* _WHAT THE TASK ASKS_
Return each line exactly, beginning with the one that has "Vector Illustration Of" and finishing with the final line of the material. Drop any pictures.

%%

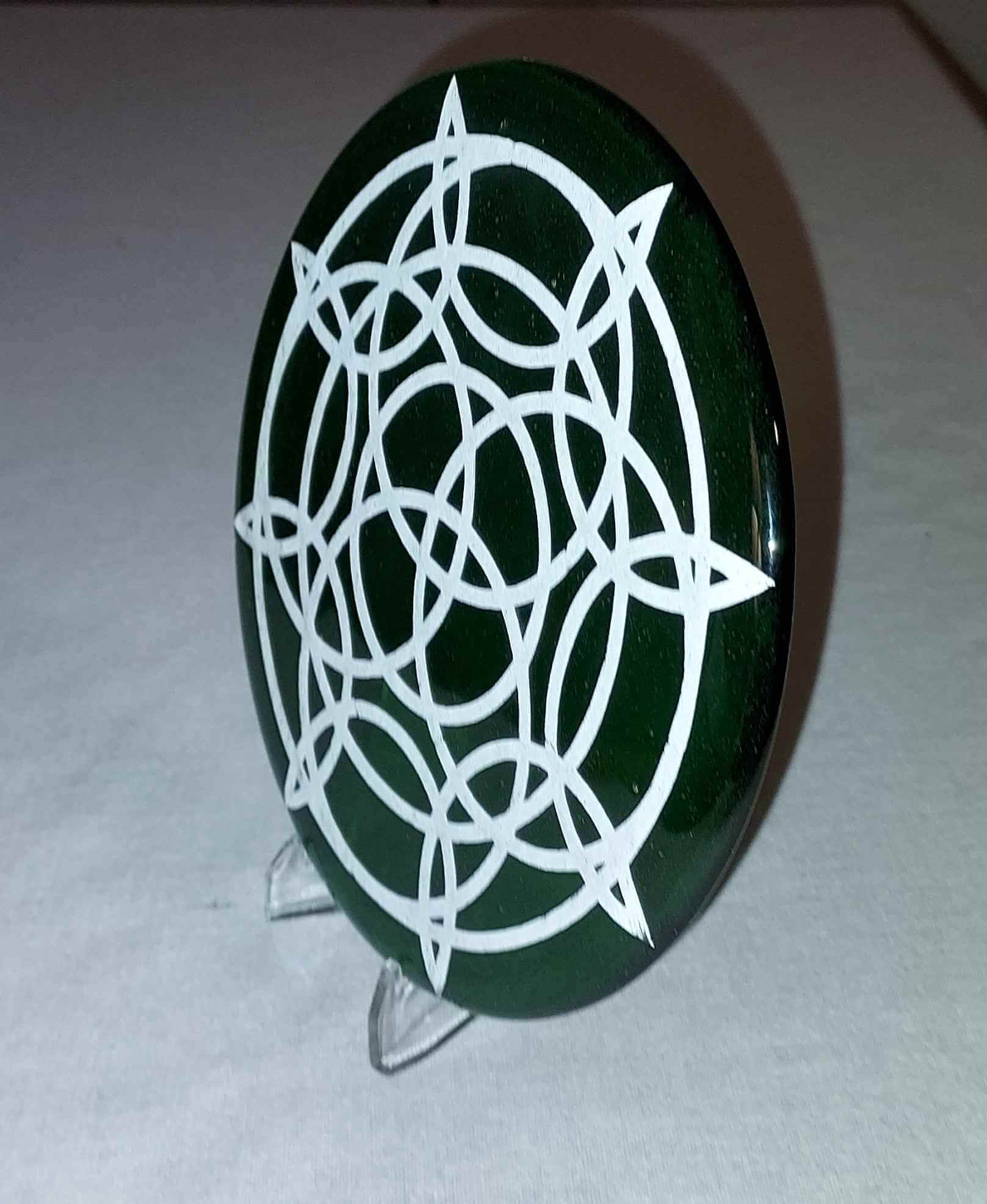 6" Green Decorative Plate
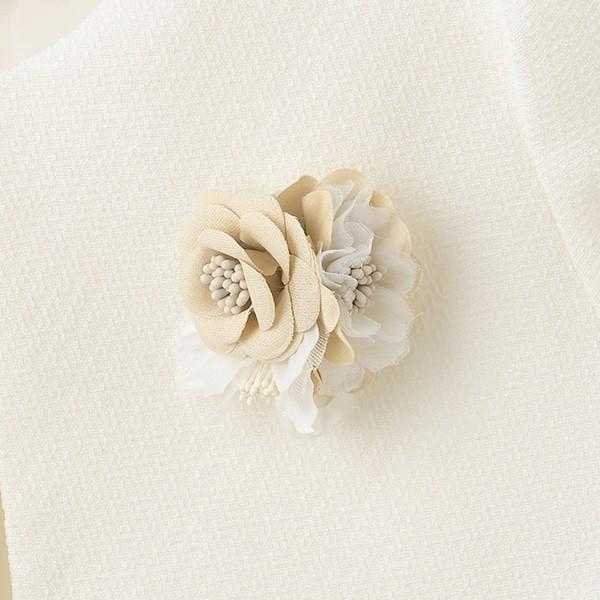 petit main プティマイン チェックOP＋スカラップジャケット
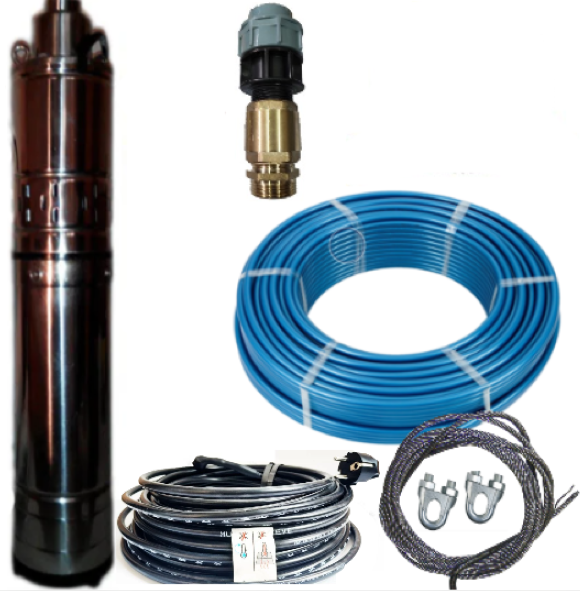 Занурювальний глибинний насос для свердловин шнековий OX-5010 DELTA ПОВНИЙ КОМПЛЕКТ, фото 1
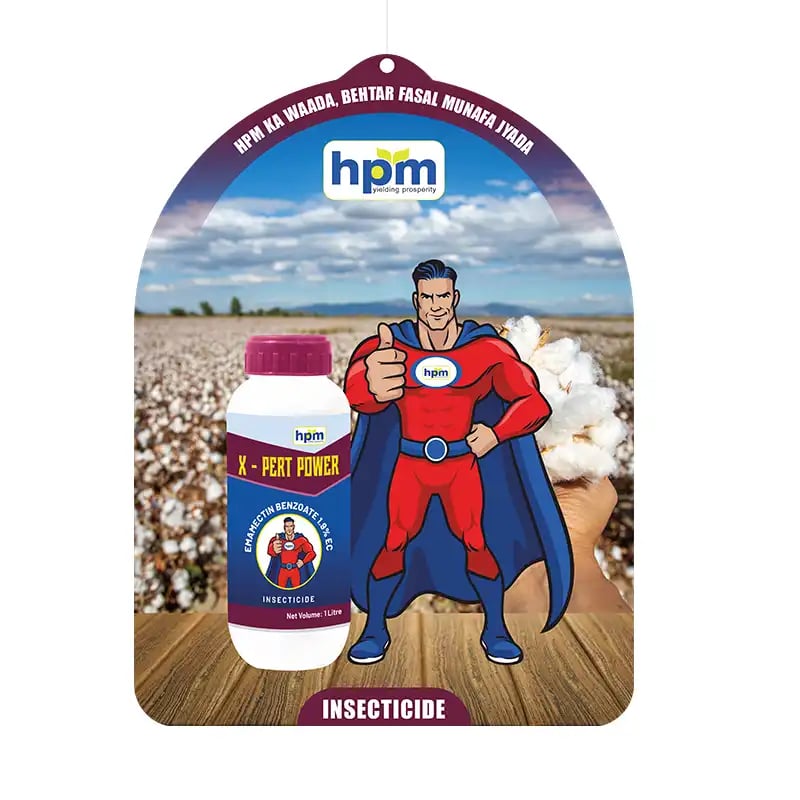 Hpm X-Pert Power Emamectin Benzoate 1.9% EC Insecticide and Acaricide For Crop Protection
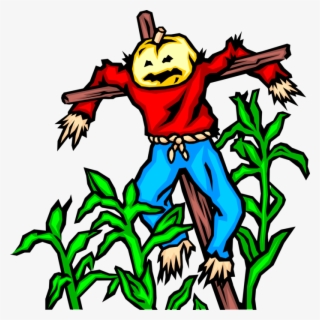 Vector Illustration Of Fall Or Autumn Scarecrow With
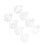 80PCS Ramadan Pattern Cake Stencils PVC 9x7cm Hollow Spray 10
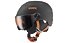 Uvex Visor Pro - casco da sci - bambino, Black/Orange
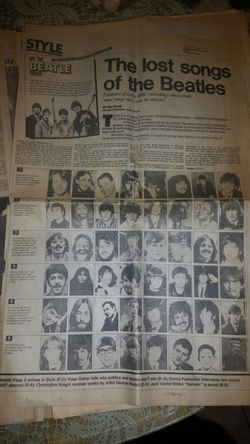 The Beatles newspaper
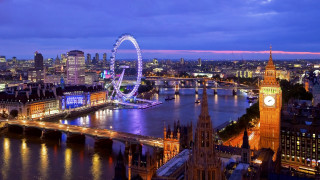 City night ferris wheel bridge 3 - christopher wren free wallpaper
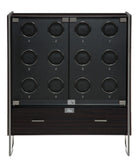 WOLF Watch Winder Regent 12 Piece Cabinet Matt Zebra Black 468040 Image 1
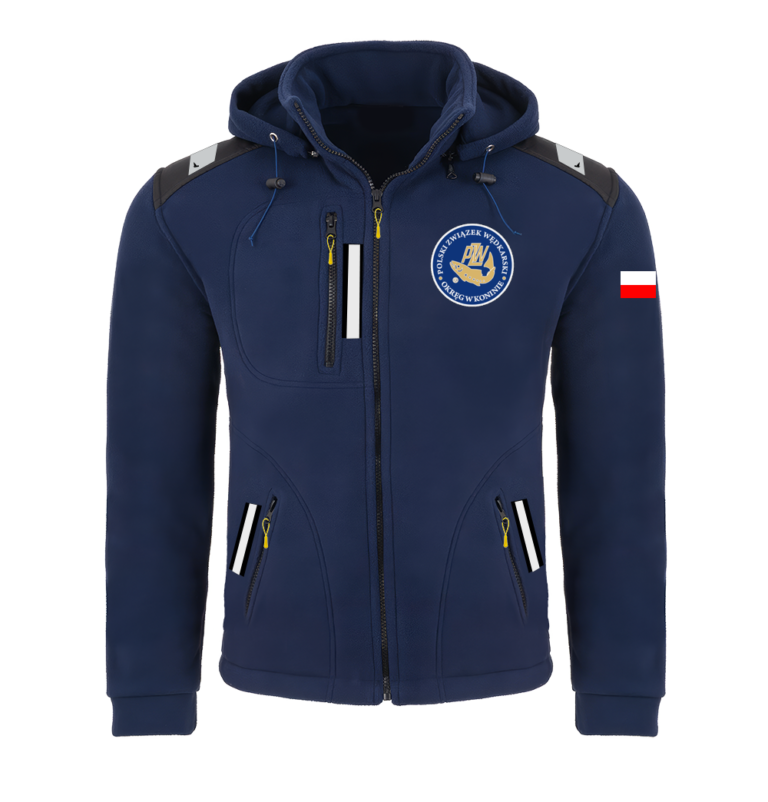 Rejsowy Polar z kapturem Premium — Koniński Okręgowy Związek Żeglarski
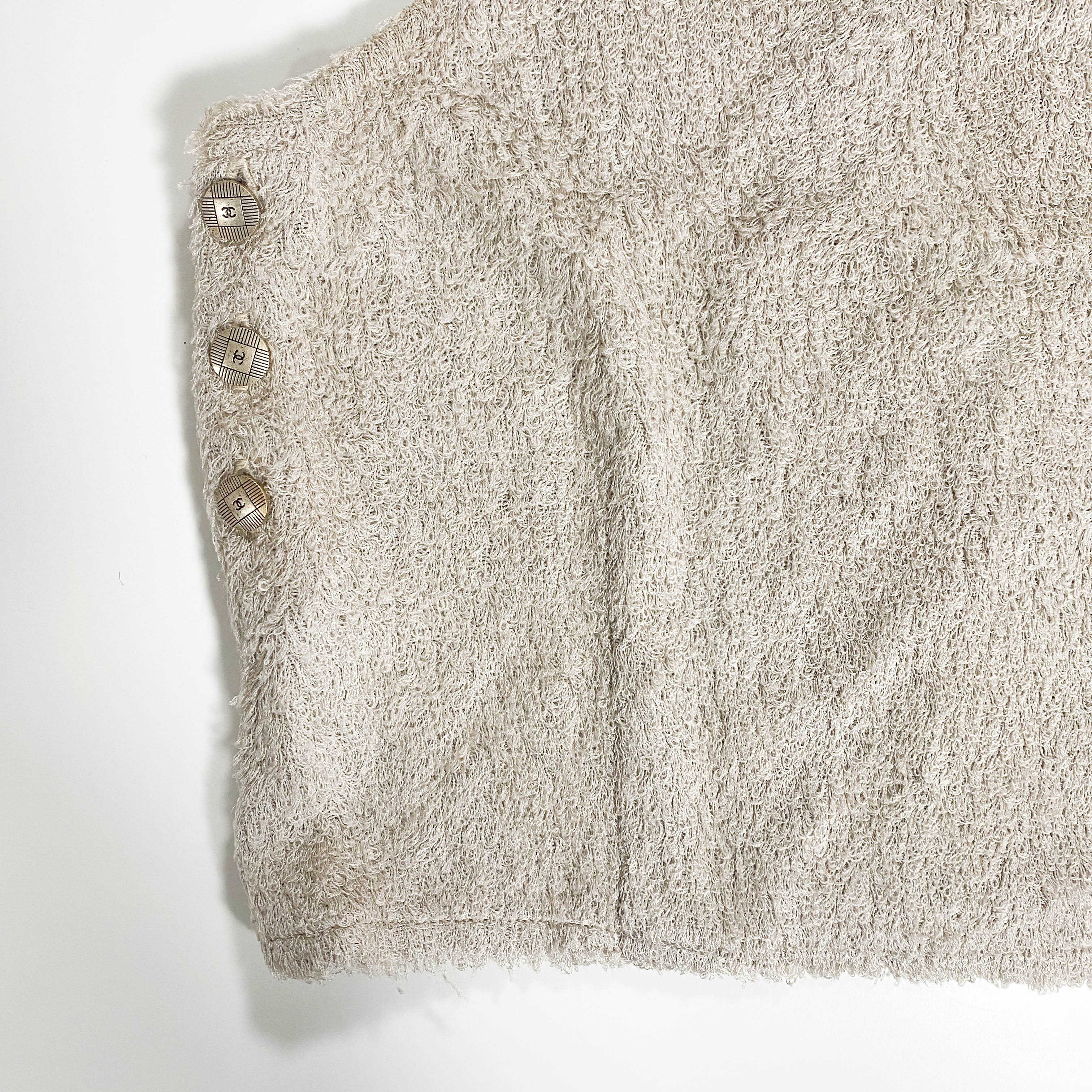 Silk Fabric Sleeveless Vest Top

%%

* _SOLUTION BELOW_
 Vector Illustration Of Fall Or Autumn Scarecrow With
 80PCS Ramadan Pattern Cake Stencils PVC 9x7cm Hollow Spray 10
 Uvex Visor Pro - casco da sci - bambino, Black/Orange
 The Beatles newspaper
 City night ferris wheel bridge 3 - christopher wren free wallpaper
 WOLF Watch Winder Regent 12 Piece Cabinet Matt Zebra Black 468040 Image 1
 Rejsowy Polar z kapturem Premium — Koniński Okręgowy Związek Żeglarski
 Silk Fabric Sleeveless Vest Top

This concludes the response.